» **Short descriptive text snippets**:
____________
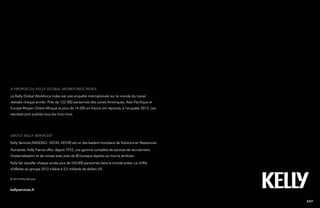 17Kelly Global Workforce Index™
About Kelly services®
Kelly Services (NASDAQ : KELYA, KELYB) est un des leaders mondiaux de Solutions en Ressources
Humaines. Kelly France offre, depuis 1972, une gamme complète de services de recrutement,
d’externalisation et de conseil avec près de 80 bureaux répartis sur tout le territoire.
Kelly fait travailler chaque année plus de 550,000 personnes dans le monde entier. Le chiffre
d’affaires du groupe 2012 s’élève à 5,5 milliards de dollars US.
à propos du kelly global workforce index
Le Kelly Global Workforce Index est une enquête internationale sur le monde du travail
réalisée chaque année. Près de 122 000 personnes des zones Amériques, Asie-Pacifique et
Europe-Moyen Orient-Afrique et plus de 14 000 en france ont répondu à l’enquête 2013. Les
résultats sont publiés tous les trois mois.
EXIT
© 2013 Kelly Services
kellyservices.fr
 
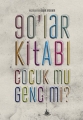 90'lar Kitabı Çocuk mu Genç mi?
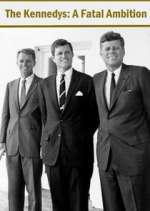 Watch The Kennedys: A Fatal Ambition Megashare8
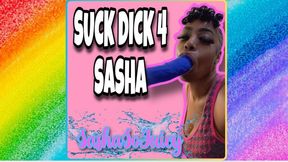 Suck Dick For Sasha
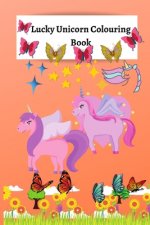 Lucky Unicorn Colouring Book: Colouring Book for Elementary/Primary Children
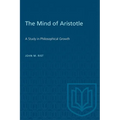 The Mind of Aristotle: A Study in Philosophical Growth - Paperback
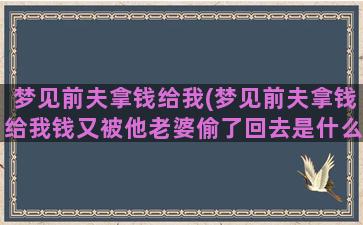 梦见前夫拿钱给我(梦见前夫拿钱给我钱又被他老婆偷了回去是什么意思)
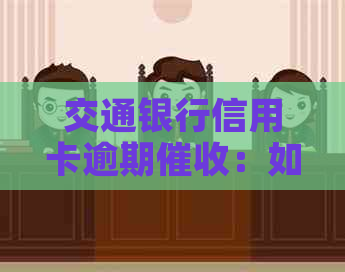 交通银行信用卡逾期：如何应对上门、协商还款及解决逾期后果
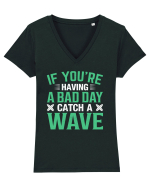 If you're having a bad day catch a wave Tricou mânecă scurtă guler V Damă Evoker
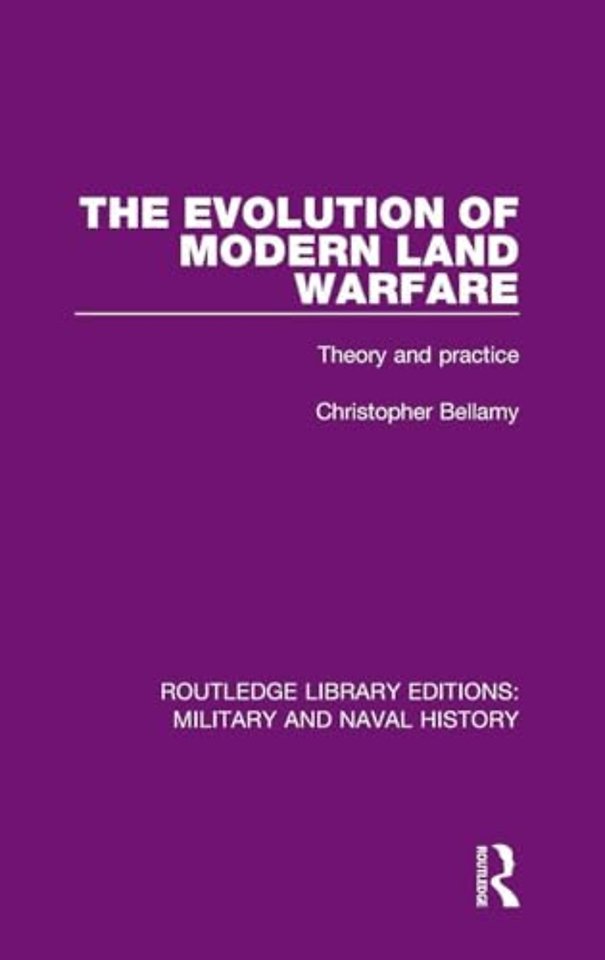 Evolution of Modern Land Warfare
____________
» **Instructions for the task**: Leave out the pictures and print every line of the data exactly.

» **Answer for the task**:
 17Kelly Global Workforce Index™
About Kelly services®
Kelly Services (NASDAQ : KELYA, KELYB) est un des leaders mondiaux de Solutions en Ressources
Humaines. Kelly France offre, depuis 1972, une gamme complète de services de recrutement,
d’externalisation et de conseil avec près de 80 bureaux répartis sur tout le territoire.
Kelly fait travailler chaque année plus de 550,000 personnes dans le monde entier. Le chiffre
d’affaires du groupe 2012 s’élève à 5,5 milliards de dollars US.
à propos du kelly global workforce index
Le Kelly Global Workforce Index est une enquête internationale sur le monde du travail
réalisée chaque année. Près de 122 000 personnes des zones Amériques, Asie-Pacifique et
Europe-Moyen Orient-Afrique et plus de 14 000 en france ont répondu à l’enquête 2013. Les
résultats sont publiés tous les trois mois.
EXIT
© 2013 Kelly Services
kellyservices.fr
 
 90'lar Kitabı Çocuk mu Genç mi?
 Watch The Kennedys: A Fatal Ambition Megashare8
 Suck Dick For Sasha
 Lucky Unicorn Colouring Book: Colouring Book for Elementary/Primary Children
 The Mind of Aristotle: A Study in Philosophical Growth - Paperback
 梦见前夫拿钱给我(梦见前夫拿钱给我钱又被他老婆偷了回去是什么意思)
 交通银行信用卡逾期：如何应对上门、协商还款及解决逾期后果
 If you're having a bad day catch a wave Tricou mânecă scurtă guler V Damă Evoker
 Evolution of Modern Land Warfare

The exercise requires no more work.